Somewhere, buried deep within our psyche, we know that spending money does not equal saving money; but we buy into the falsehood anyway. Our inner guidance is drowned out by the noise of consumerism. We are collectively being deceived and our ability to think rationally is squeezed out by constant temptation. We are literally being crushed by our own insatiable desires – desires that we may not have had before they were waved in front of our nose.
We are targeted at every turn. We cannot check out at a store without passing by numerous items that the merchant is hoping we will add to our purchase. And even when we think we are strong enough to resist, we are offered recurring shipments that promise to “save” us money.
Our own government has a 36 trillion dollar debt. Consumer debt is at an all time high.
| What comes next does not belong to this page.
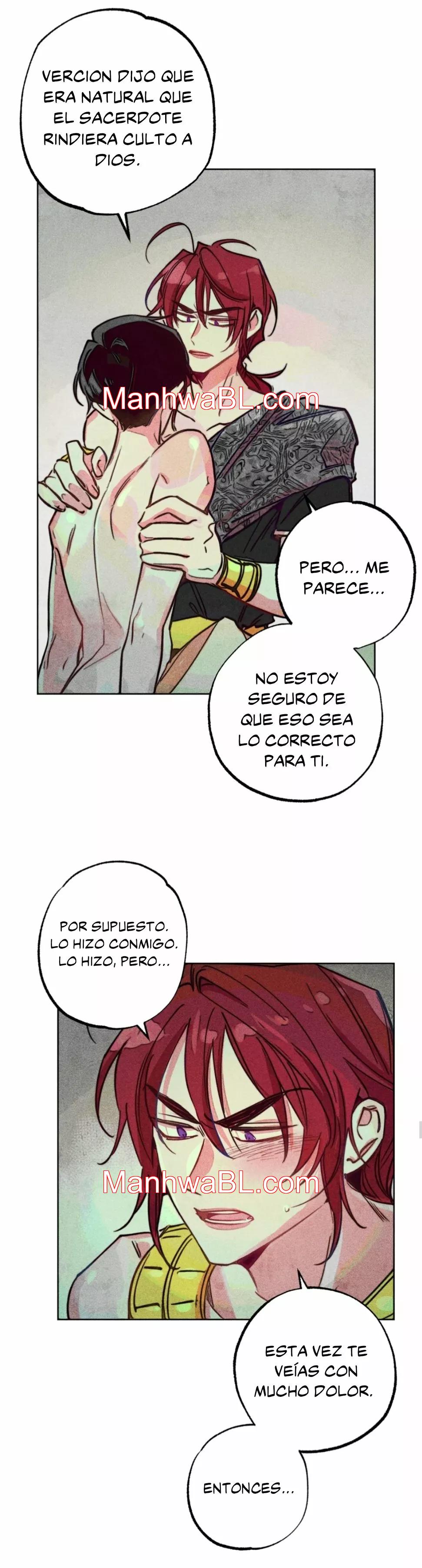 Como ser el elegido - Capítulo 46.00 manhwa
Here we are at the holidays again and how many of us will pile up still more debt and astronomical interest, ensuring us days of anxiety, sleepless nights, and poor health, even while we struggle to put food on the table. Our country cannot continue on this trajectory. Neither can we. We have lost our values. We have lost our way. Come January, our government will be making a fresh start. We will as well. It is up to each of us individually, to release the pressure and to learn to find contentment, not in things, but in life itself.